The primary immunisation schedule for chronic haemodialysis patients or persons who have an impaired immune system is four doses of 40 mcg at 0, 1, 2 and 6 months from the date of first dose. The immunisation schedule should be adapted in order to ensure that the anti-HBs antibody titre remains above the accepted protective level of 10 IU/L.

Contraindications

CEFVAC-B should not be administered to subjects with known hypersensitivity to any component of the vaccine, or to subjects having shown signs of hypersensitivity after previous Hepatitis B Vaccine administration.

Warnings and Precautions

Because of the period of latency of hepatitis B infection it is possible for unrecognised infection to be present at the time of immunisation. The vaccine may not prevent hepatitis B infection in such cases. The vaccine will not prevent infection caused by other agents such as hepatitis A, hepatitis C and hepatitis E and other pathogens known to infect the liver. The immune response to Hepatitis B vaccines is related to age. In general, people over 40 years of age respond less well.

In haemodiaysis patients and persons with an impaired immune system, adequate anti-HBs antibody titres may not be obtained after the primary immunisation course and such patients may therefore require administration of additional doses of vaccine (see Dosage recommendation for Immunocompromised persons)

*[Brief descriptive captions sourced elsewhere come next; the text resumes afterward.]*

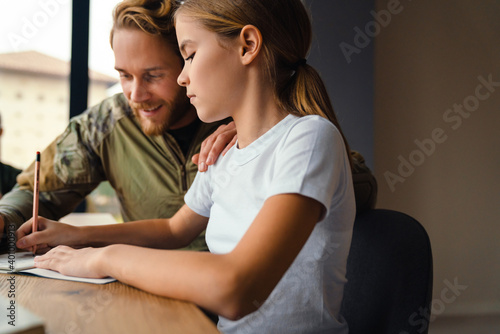 Masculine happy military man doing homework with her daughter at home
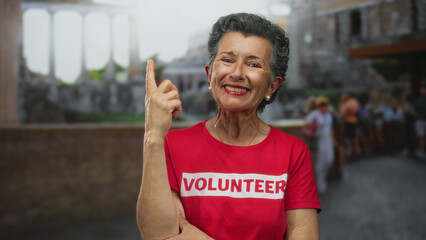 Woman with grey hair wearing volunteer shirt smiling in an urban street setting, pointing upward with her finger, representing senior volunteerism in an old town environment outdoors.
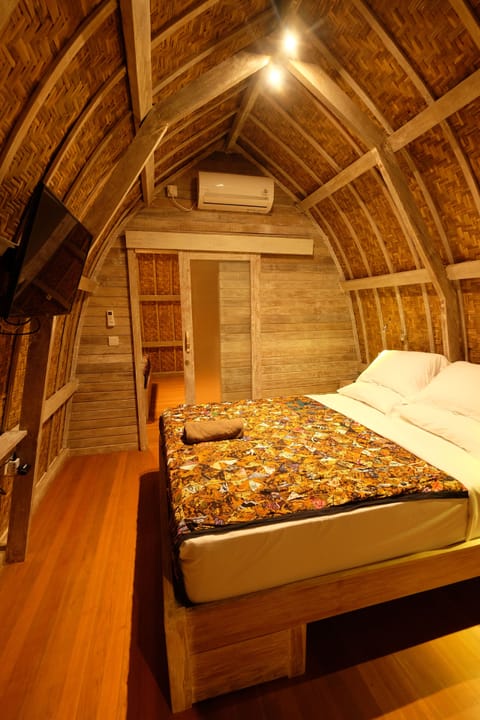 wooden arch building structure with woven bamboo wall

As with all injectable vaccines, appropriate medication (e.g. adrenaline) should always be readily available for treatment in case of rare anaphylactic reactions following the administration of the vaccine. ADRENALINE INJECTION (1:1000) MUST BE IMMEDIATELY AVAILABLE SHOULD AN ACUTE ANAPHYLACTIC REACTION OCCUR DUE TO ANY COMPONENT OF THE VACCINE. For treatment of severe anaphylaxis the initial dose of adrenaline is 0.1 - 0.5 mg (0.1 - 0.5 ml of 1:1000 injection) given s/c or i/m. Single dose should not exceed 1 mg (1 ml). For infants and children the recommended dose of adrenaline is 0.01 mg/kg (0.01 ml/kg of 1:1000 injection). Single paediatric dose should not exceed 0.5 mg (0.5 ml). The mainstay in the treatment of severe anaphylaxis is the prompt use of adrenaline, which can be lifesaving. It should be used at the first suspicion of anaphylaxis.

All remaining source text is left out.